The arguments I've heard so far are:
  * Mine, that there should be no default CPU selected if the user doesn't
select it himself. I feel it adds a hidden option that the user is unaware
of, and depending on what that default is may cause inferior performance on
the CPU the user actually runs it on.
  * Jim's (? I forget who responded ?), that there *should* be a default CPU
all the time, but perhaps some pseudo-CPUs could be added that exhibit a
blended scheduling. For example for ARM, a "v7" pseudo-cpu could be added
that has an itinerary that performs well on all v7 cores. By the way, I
think ARM is the only high-visibility target with such a difference between
cores that this matters. I assume MIPS and PowerPC are similar though?
  * Keep the current behaviour and select a default CPU for the given
architecture.
  * ???

Out of all of these, the only one I really dislike is keeping the current
behaviour.

What do people think? Do people care?

Cheers,

James

The driver, currently, *always* sets the "-target-cpu" option to cc1. The
way it finds a default CPU for an architecture is hardcoded and nasty, and
I'd love to get rid of it.

Part of the problem here is that some of the RPM based Linux porting folks are 'coining' their own tuple definitions to fit 'political' branding decisions as to hardware FP and such. I don't see HOW one avoids 'nasty' when one has to interface to that layer of the stack

My personal opinion is that there should be no need to set a default CPU all
the time. The target triple should suffice,

But for the reasons above, this shifts the load of chasing political decisions to the wrong place ... it is all fine, and well and good for people to make what are essentially 'branding' decisions in their tuple, but it should not transfer the load for supporting such (sorry, but my feeling:) insanity into code

and if the user wants

performance tuned to a specific CPU they should mention that on the
commandline with -mcpu= or -mtune=. If no CPU is specified, I feel that a
"blended" scheduling should be done such that the resultant code runs well
on all chips with the given architecture/triple.

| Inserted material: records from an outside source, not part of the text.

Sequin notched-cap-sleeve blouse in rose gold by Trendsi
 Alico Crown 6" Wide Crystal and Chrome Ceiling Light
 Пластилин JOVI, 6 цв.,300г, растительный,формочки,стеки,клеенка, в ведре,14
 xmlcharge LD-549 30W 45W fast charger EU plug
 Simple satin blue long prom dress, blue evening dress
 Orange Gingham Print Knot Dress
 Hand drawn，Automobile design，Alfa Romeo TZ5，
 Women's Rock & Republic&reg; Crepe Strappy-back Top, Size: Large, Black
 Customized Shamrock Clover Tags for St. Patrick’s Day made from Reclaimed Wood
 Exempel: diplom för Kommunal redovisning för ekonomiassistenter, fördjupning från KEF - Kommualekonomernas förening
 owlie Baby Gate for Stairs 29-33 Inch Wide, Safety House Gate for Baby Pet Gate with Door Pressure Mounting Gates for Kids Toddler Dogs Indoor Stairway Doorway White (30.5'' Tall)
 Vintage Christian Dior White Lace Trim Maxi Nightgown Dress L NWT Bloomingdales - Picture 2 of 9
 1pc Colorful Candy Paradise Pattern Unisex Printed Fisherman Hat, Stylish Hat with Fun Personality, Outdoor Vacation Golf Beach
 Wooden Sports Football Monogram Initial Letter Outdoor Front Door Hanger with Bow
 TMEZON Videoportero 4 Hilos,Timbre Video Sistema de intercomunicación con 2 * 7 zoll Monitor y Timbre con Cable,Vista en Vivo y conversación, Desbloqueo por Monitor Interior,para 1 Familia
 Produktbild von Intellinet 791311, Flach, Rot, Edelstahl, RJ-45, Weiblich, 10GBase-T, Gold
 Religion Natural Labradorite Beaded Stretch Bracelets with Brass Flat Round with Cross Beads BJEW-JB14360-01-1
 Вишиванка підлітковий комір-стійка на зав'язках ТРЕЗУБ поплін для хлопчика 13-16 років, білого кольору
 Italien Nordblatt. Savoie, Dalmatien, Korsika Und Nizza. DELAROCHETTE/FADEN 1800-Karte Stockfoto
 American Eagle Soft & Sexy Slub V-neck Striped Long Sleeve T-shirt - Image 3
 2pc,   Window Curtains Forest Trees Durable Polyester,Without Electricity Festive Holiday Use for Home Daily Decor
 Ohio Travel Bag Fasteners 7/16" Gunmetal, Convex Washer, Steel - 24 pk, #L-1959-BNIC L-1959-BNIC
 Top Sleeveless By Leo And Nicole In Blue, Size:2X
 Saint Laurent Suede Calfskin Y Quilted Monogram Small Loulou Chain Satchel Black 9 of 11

But 'blended' just disguises the issue of whose ox is being gored by abstracting it behind another level of hiding ... The argument could be made that 'blended' should be that capable of running on the largest number of platforms (and thus at the expense of code bload carrying around run time maths code, not needed when HW FP _is_ present

What do people think? Do people care?

It is a discussion worth having, I think

- Russ herrold

Hi Russ,

Part of the problem here is that some of the RPM based Linux
porting folks are 'coining' their own tuple definitions to fit
'political' branding decisions as to hardware FP and such. I
don't see HOW one avoids 'nasty' when one has to interface to
that layer of the stack

I'm not sure I fully understand the problem here. Could you provide a concrete set of examples?

But for the reasons above, this shifts the load of chasing
political decisions to the wrong place ... it is all fine, and
well and good for people to make what are essentially
'branding' decisions in their tuple, but it should not
transfer the load for supporting such (sorry, but my feeling:)
insanity into code

Parsing toolchain and OS-specifics out of the host environment and triple should be the job of the driver, I agree (although remember that LLVM itself has a Triple type that deals with some of this stuff).

But again, I'm not certain where this relates to the default CPUs. Perhaps an example will make it clearer?

But 'blended' just disguises the issue of whose ox is
being gored by abstracting it behind another level of hiding
... The argument could be made that 'blended' should be that
capable of running on the largest number of platforms (and
thus at the expense of code bload carrying around run time
maths code, not needed when HW FP _is_ present

I'm not aware of an architecture where default hardfp vs. Softfp is different between CPUs of the same subarchitecture. Therefore, specifying the subarchitecture (in ARM's case, 'v7' or 'v7m') should have enough information to set up a suitable default calling convention.

Also, the calling convention is often altered by the target triple. It's not related intrinsically to the target CPU, IMHO.

Cheers,

James

Bump.